The original cover for the first omnibus. The art is by Ina Wong, who also did the current cover art for The Sword Keeper.

This is the original art for the second omnibus, by Derek Murphy.

This is my personal favorite from the art by Libbie Grant. She did all eight novellas and both ominbus editions in this style.

This is the second cover for the original novelette. Derek saw my crappy self-made cover and offered to make me this one for free, so that he could showcase both of them in a before-and-after post on his blog. It worked out really well!

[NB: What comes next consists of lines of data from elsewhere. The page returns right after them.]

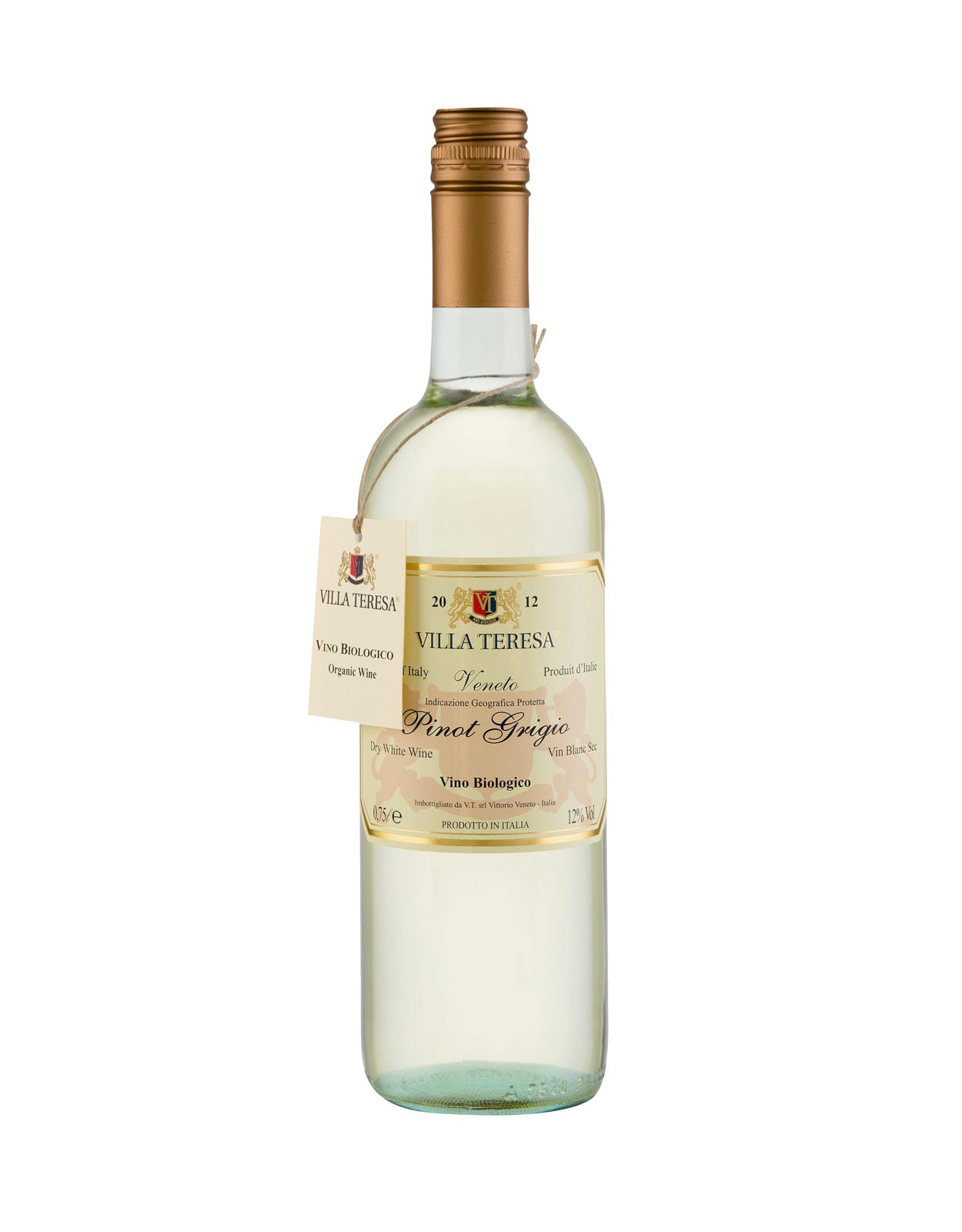 VILLA TERESA ORGANIC PINOT GRIGIO       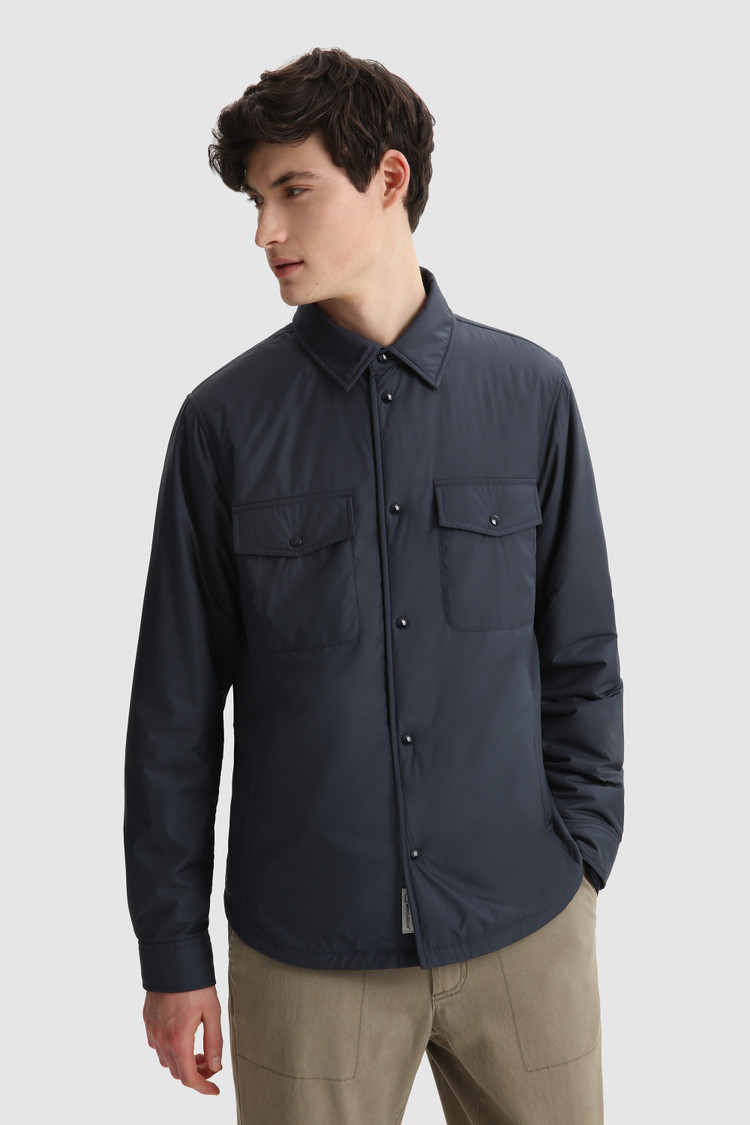 Giacca camicia Alaskan in microfibra con imbottitura PrimaLoft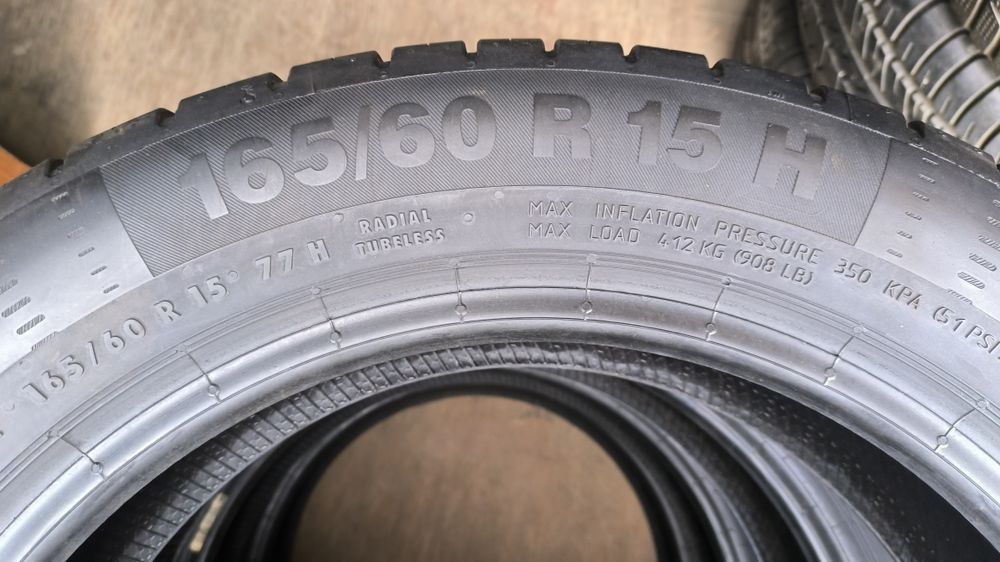 Резина 165.60.R15.Ціна вказана за 1 шт.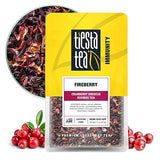 Tiesta Tea - Cranberry Hibiscus Rooibos Tea, Fireberry, Loose Leaf, Herbal Blend with Hibiscus, Cranberry, Currants & Rooibos, Enjoy Hot or Iced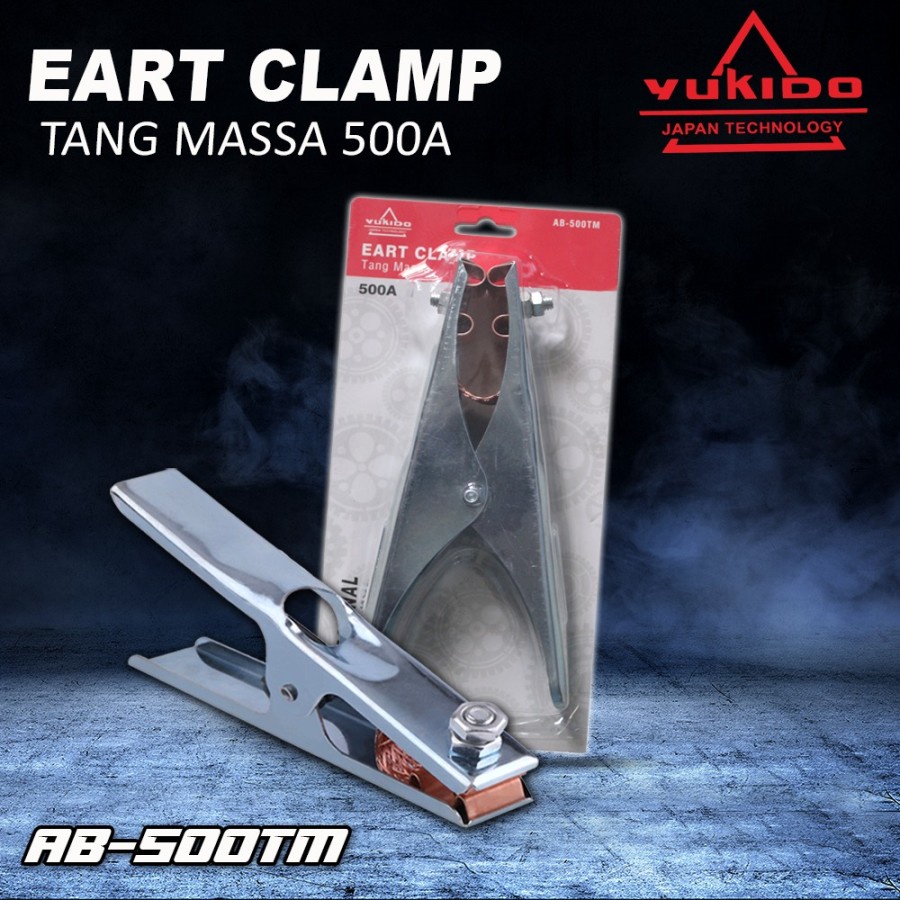 PROMO Tang Las / Stang Las / Tang Masa / Tang Jepit 500A TANG MASSA YUKIDO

And this is the original ebook cover art for the first novelette that started it all. I had just launched Desert Stars, after draining my bank account to publish it since the kickstarter had failed (This was back in 2011, and I had no idea how to run a kickstarter—or how to profitably publish a book, for that matter). Since I didn’t want to spend another $900 to publish a full-length novel to the sound of crickets, I decided to turn my current WIP into a novella series, put them all out on a shoestring budget, and reinvest whatever money they earned into better editing and cover art.

The image is taken from NASA and is totally in the public domain, and I think the font is too, or at least it’s freeware of some kind. I put it together over the summer, when I was home from teaching English overseas in the Republic of Georgia. For this one, I think I used my desktop, but most of the other ones in this style were done on my tiny ASUS netbook with a screen the size of a postcard, in an old farmhouse in a tiny Georgian village at the foot of the Caucasus Mountains, which had no heating aside from the woodburning stove downstairs. The power would also frequently go out for hours at a time.

I wrote a bunch of the original novellas out there, in that tiny little Georgian village. And now, they’re all combined into one novel, which I’m turning into a trilogy right now! Just need to finish revising the second book, hopefully before that new baby comes. I should probably stop procrastinating.